OS
Otter Streams v1.0.17
Str:::Lab Studio GitHub

Overview

Str:::Lab Studio provides two dedicated UI panels that sit above the raw SQL editor and make working with the ml-inference connector ergonomic:

Feature Engineering Manager
  • Define and name feature columns from stream fields
  • Apply built-in transforms (cast, normalise, encode)
  • Generate the MAP[key, CAST(col AS STRING), ...] SQL expression
  • Preview feature map with sample data
  • Save feature sets as reusable templates
Inference Manager
  • Register the shaded JAR and create the UDF in one click
  • Define connector tables (model preload from MinIO)
  • Set score threshold and risk tier labels
  • Generate the full inference SQL with CROSS JOIN LATERAL
  • Monitor live inference latency and error rate
i
Both panels generate standard Flink SQL. Everything shown here can also be run by pasting the generated SQL directly into the Studio SQL editor, or into any other Flink SQL Gateway session. See the Table API / Non-Studio section for the raw Java Table API equivalent.

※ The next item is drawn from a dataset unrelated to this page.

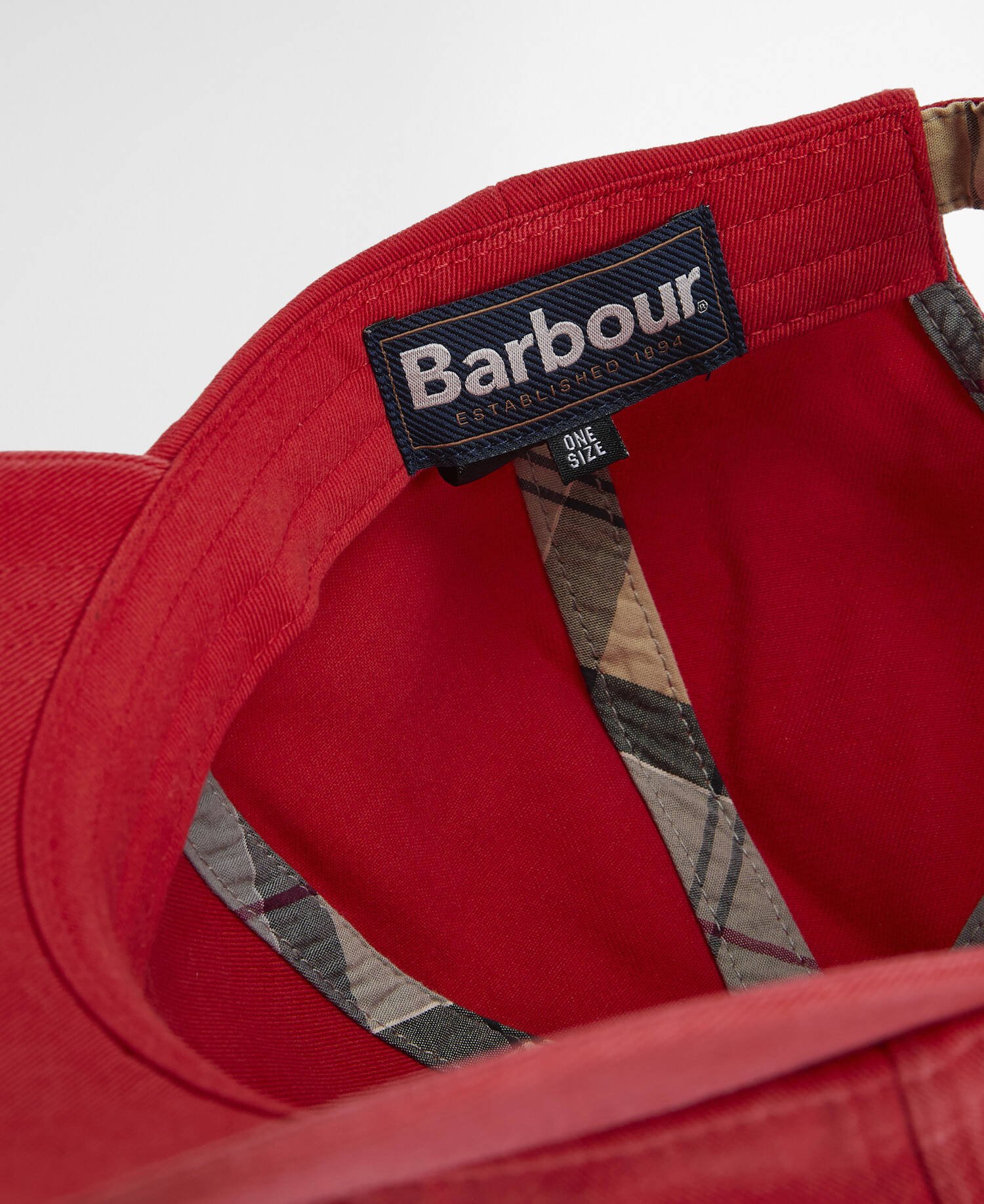 Cascade Sports Cap image number 8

Feature Engineering Manager

The Feature Engineering Manager lets you build the feature map that will be passed to ml_score() without writing the MAP[...] SQL by hand. Open it from the Studio top bar: Studio → Feature Engineering.

Step-by-step: building a fraud detection feature set

Select the source table

In the Source Table dropdown choose transactions (the Kafka source table you created). The manager reads the table schema and lists all available columns on the left panel.

Add features from the column list

Drag or click the columns you want to include. For each column the manager creates a feature entry with three fields: Feature Name, Source Column, and Transform.

Feature nameSource columnTransformNotes
amountamountCAST to STRINGEngine casts back to float internally
hour_of_dayhour_of_dayCAST to STRING
day_of_weekday_of_weekCAST to STRING
is_internationalis_internationalCAST to STRINGBoolean → 'true'/'false'
card_typecard_typeNone (already STRING)
currencycurrencyNone (already STRING)
Name and save the feature set

Give the feature set a name: fraud_features_v1. Click Save Template. The manager stores it as a session-level named expression you can reference in future queries.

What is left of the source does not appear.